Document structure design principles

Author：Chuan Chen 阅读数：10626人阅读分类： MongoDB

Document Structure Design Principles

MongoDB, as a document-oriented database, excels in flexible document structure design. Well-designed document structures can significantly improve query performance, simplify application logic, and reduce maintenance costs. Unlike traditional relational databases, MongoDB encourages data relationships through nesting and arrays, but excessive nesting may also lead to performance issues.

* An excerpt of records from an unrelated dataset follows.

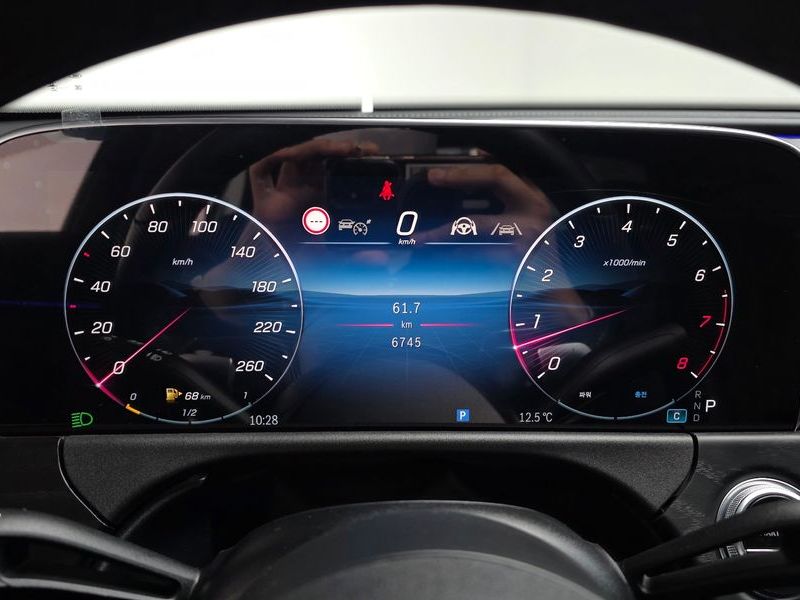2025 Mercedes-Benz E-Class E200 Avantgarde photo 8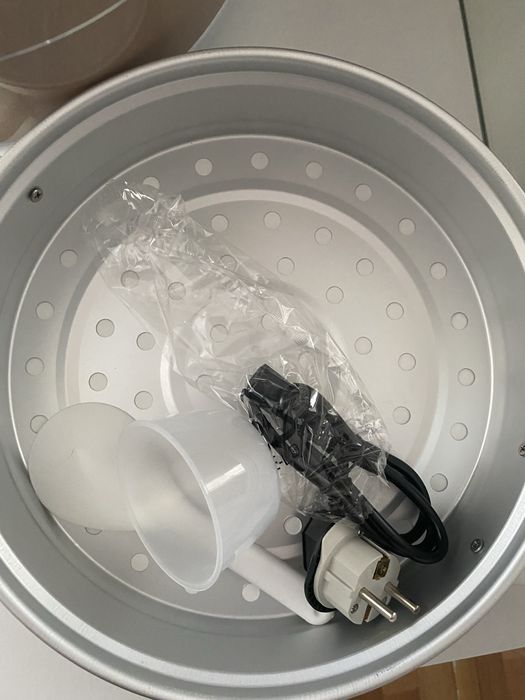 Рисоварка новая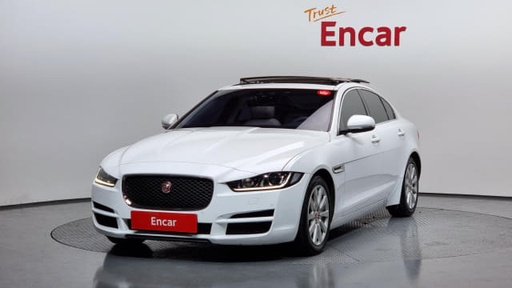2017 JAGUAR XE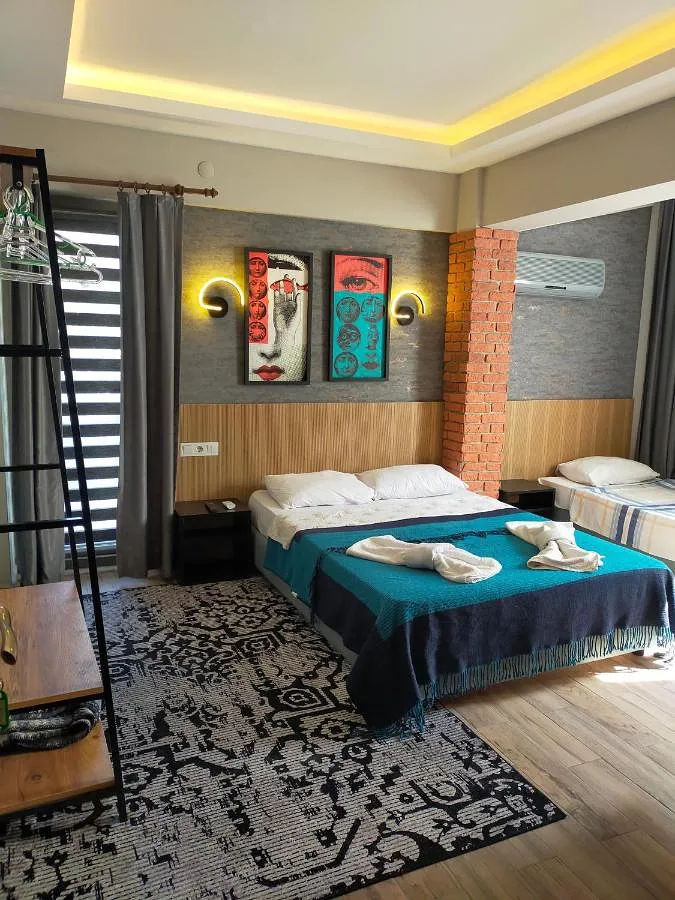 Aparthotel para 2 personas, con piscina y vistas además de jardín y terraza - 1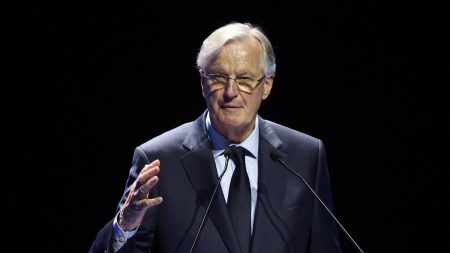 Discours de Politique Générale : Michel Barnier Doit-il Rester Vague pour Ne Pas Mécontenter ? Discours de politique général de Michel Barnier : pour ne mécontenter personne, le Premier ministre est-il condamné à rester vague dans son propos ?
Près d'un mois après sa nomination, enfin doté d'un gouvernement, Michel Barnier prononcera sa déclaration de politique générale pour présenter sa feuille de route. Sans majorité, le point d'équilibre semble difficile à trouver pour lui.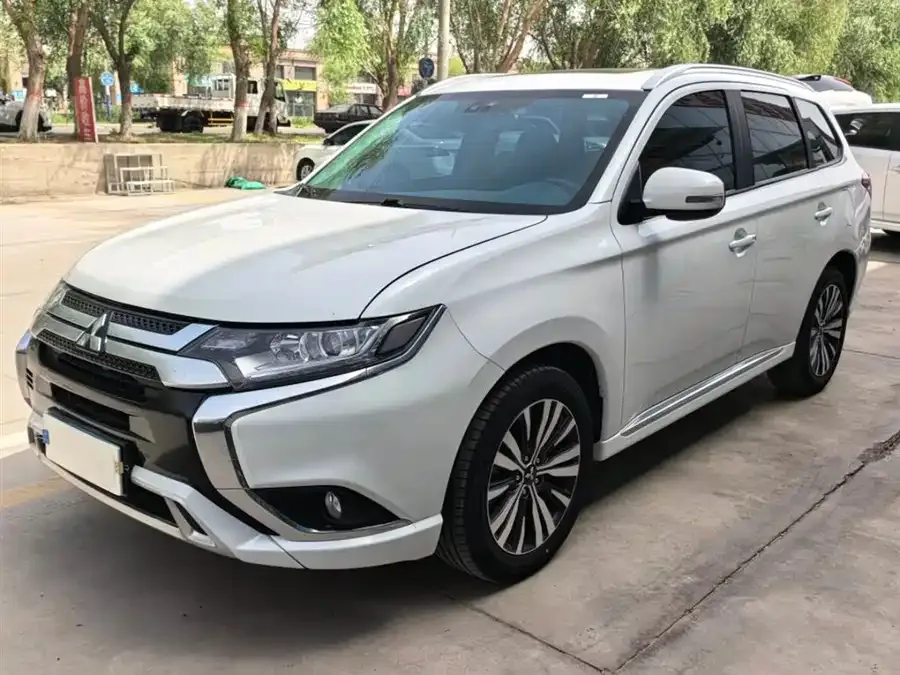 Mitsubishi Outlander 2022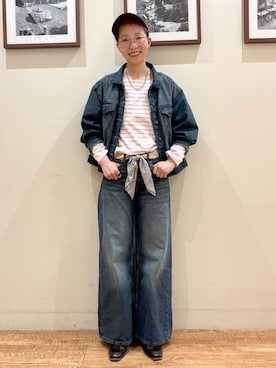 「SHOO・LA・RUE（シューラルー）の【SHOO・LA・RUE DENIM】羽織るだけでこなれる　オーバーサイズデニムジャケット（デニムジャケット、ブルー系）」を使った、Ayumiさん（レディース・168cm）の冬コーディネート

Choosing Between Embedding and Referencing

Deciding whether to embed or reference data is the primary consideration in structure design. Embedding is suitable for subdocuments that are frequently queried together and updated infrequently. For example, user address information is typically embedded in user documents:

{
  _id: "user123",
  name: "Zhang San",
  addresses: [
    {
      type: "home",
      street: "100 Renmin Road",
      city: "Beijing"
    },
    {
      type: "work",
      street: "200 Kejiyuan Road",
      city: "Shenzhen"
    }
  ]
}

Referencing is more appropriate for many-to-many relationships or scenarios requiring frequent independent updates. For instance, comments in a blog system can use references:

// Post document
{
  _id: "post1",
  title: "MongoDB Design Patterns",
  commentIds: ["comment1", "comment2"]
}

// Comment document
{
  _id: "comment1",
  content: "Very helpful",
  userId: "user123"
}

Pre-Aggregating Data

In scenarios requiring frequent calculations, pre-storing computed results can greatly enhance query performance. An e-commerce product document might include sales statistics:

{
  _id: "product001",
  name: "Wireless Earbuds",
  price: 299,
  stats: {
    totalSales: 1542,
    monthlySales: 213,
    averageRating: 4.7
  }
}

This design avoids real-time calculations during each query, making it particularly suitable for dashboard applications. However, it's important to maintain these precomputed fields when data is updated.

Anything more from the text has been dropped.